Slashdot Mirror


Seeking Prior Art on Markov-Based SPAM Filters?

Theovon asks: "One of today's hot topics seems to be SPAM filtering. I have wanted very much to make my own contribution to this, but I have been thwarted by a patent. Probably before Paul Graham began working on his Bayesian SPAM filter, I began work on a Markov-model based filter. Things were going well until I posted to the usenet about it, and got this Google Groups response. This usenet post describes a Mitsubishi patent issued in 2000, US Patent #6,112,021. One of the key aspects of my design was that I would train the Markov model with both positive and negative examples. This patent is spot-on what I'm doing, because it deals specifically with the idea of using negative examples in Markov models to filter, among other things, 'inappropriate web content.' Well, the patent looks like a good one, assuming they really developed this idea. I mean, of course, I would think it's a good idea; I came up with it too, and it works very well. (Then again, I also thought it was 'obvious')..."

"Not too long ago, I was discussing it with a co-worker who has a degree in Electrical Engineering. She had taken an AI class in college which mentioned the idea of negative examples for Markov models, and this was well before the year 2000. The bottom line is that I think I have a great idea that could potentially add to our collective arsenal against the ever-growing SPAM problem. I would very much like to work on it and publish it under GPL, but before I can do this, I have to protect my self against the patent and the large pocketbook of Mitsubishi.

I'm not asking for legal advice. I have already consulted an attorney, and it was suggested that I should remove the SourceForge project, which I have done. I also attempted to contact the EFF (no luck so far). I'm asking for those of you out there who are familiar with this sort of thing to help me to find verifiable prior art that dates from before the 2000 patent. I would very much like to share with the world my ideas and the code I have written, but this is standing in our way."

2 of 36 comments (clear)

  1. Andrei by Trusty+Penfold · · Score: 3, Interesting


    Andrei Markov himself used his models to filter text. Not e-mails obviously, but poetry.
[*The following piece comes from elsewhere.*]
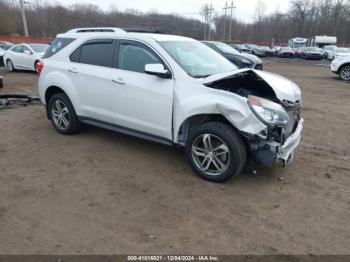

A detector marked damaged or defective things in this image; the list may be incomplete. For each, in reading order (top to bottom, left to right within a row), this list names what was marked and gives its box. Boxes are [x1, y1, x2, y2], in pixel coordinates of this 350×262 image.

    He would both write and solicit poetry and he devised what are now know as markov models to assess poetry for aesthetic quality. Sounds like a silly idea now, but this was in the Victorian era when science and maths were blossoming. It was believed that everything could be measured and quantified; even philosophical qualities such as 'goodness' of poetry.

    So,

    step 1 : first search for rhyme and meter.
    step 2 : then search for spamlike characteristics.
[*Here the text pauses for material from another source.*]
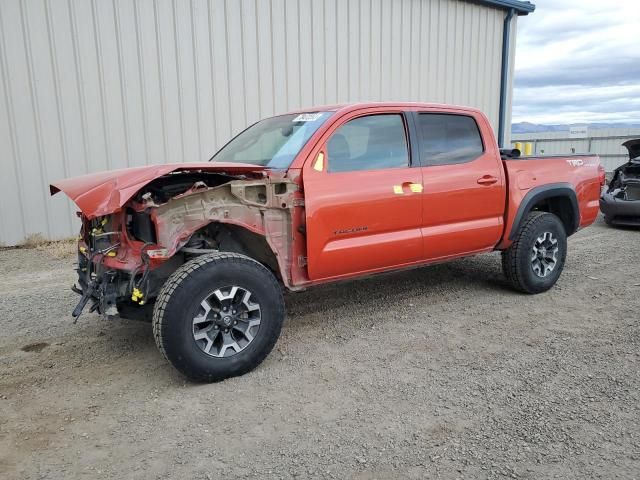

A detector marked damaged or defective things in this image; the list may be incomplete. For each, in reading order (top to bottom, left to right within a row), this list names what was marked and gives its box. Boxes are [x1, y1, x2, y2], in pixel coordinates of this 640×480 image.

  2. Re:Markov Models, Negative Reward, Negative Exampl by crisco · · Score: 3, Interesting
    One Bayesian email filter bills itself as more than just a spam filter but an general email classification system. You can easily define many categories and train it accordingly.

    I don't know enough about MDP to know if this is feasible work but it may move the scope of the solution far enough away from the patent to allow the submitter to continue his work.

    --

    Bleh!